• [EXERCISE]: Find the line containing "Apartamento à venda com 256m², 4 quartos e 2 vagas Apartamento" in the records below. Copy exactly that line and each one after it, ending at the line containing "L0vis Vvtt0n LV", and nothing more.

• [GIVEN INFORMATION]:
==================================================

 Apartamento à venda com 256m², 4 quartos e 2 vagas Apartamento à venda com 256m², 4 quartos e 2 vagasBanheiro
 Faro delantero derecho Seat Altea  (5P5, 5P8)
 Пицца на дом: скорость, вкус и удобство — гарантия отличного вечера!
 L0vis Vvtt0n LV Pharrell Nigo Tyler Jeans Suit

==================================================

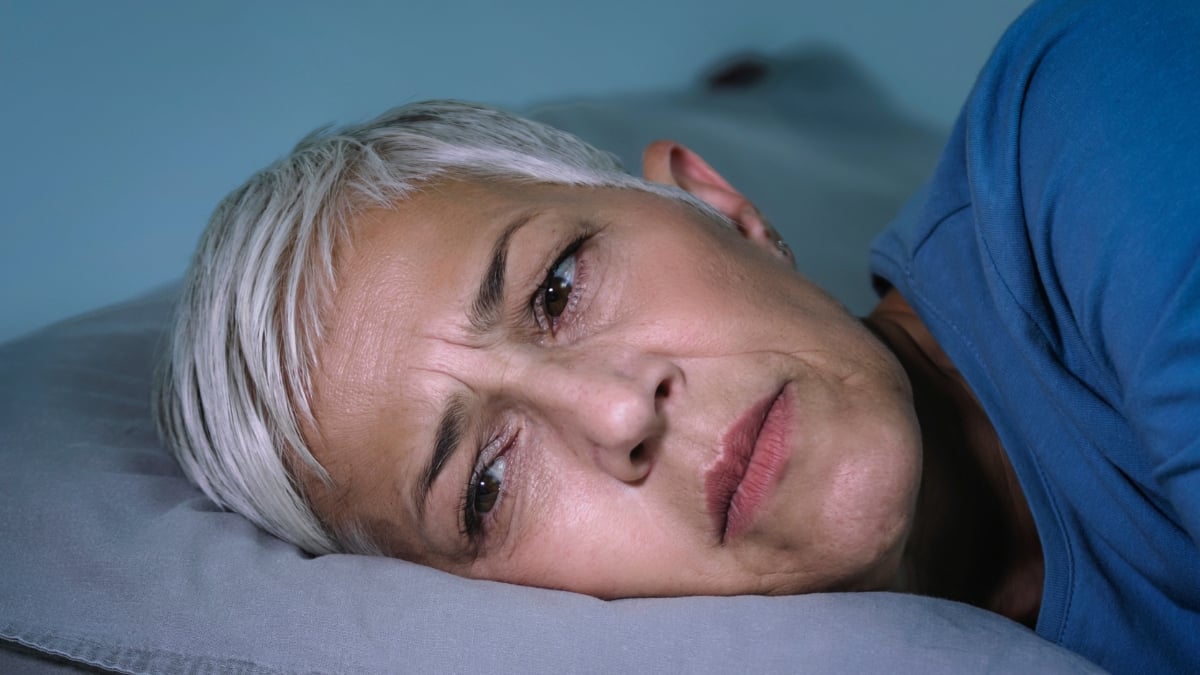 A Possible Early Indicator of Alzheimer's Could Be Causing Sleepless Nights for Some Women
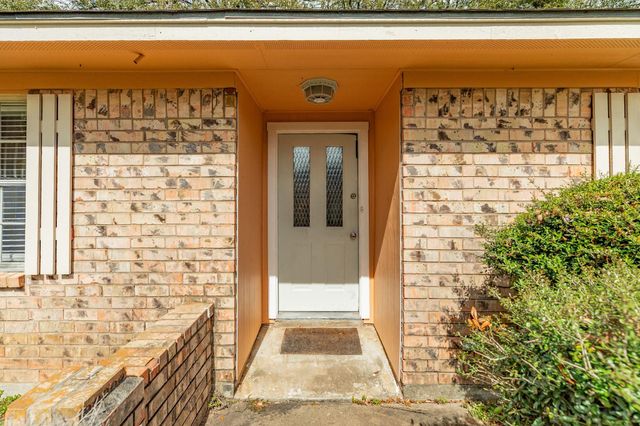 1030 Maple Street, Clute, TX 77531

==================================================

• [RESPONSE]:
 Apartamento à venda com 256m², 4 quartos e 2 vagas Apartamento à venda com 256m², 4 quartos e 2 vagasBanheiro
 Faro delantero derecho Seat Altea  (5P5, 5P8)
 Пицца на дом: скорость, вкус и удобство — гарантия отличного вечера!
 L0vis Vvtt0n LV Pharrell Nigo Tyler Jeans Suit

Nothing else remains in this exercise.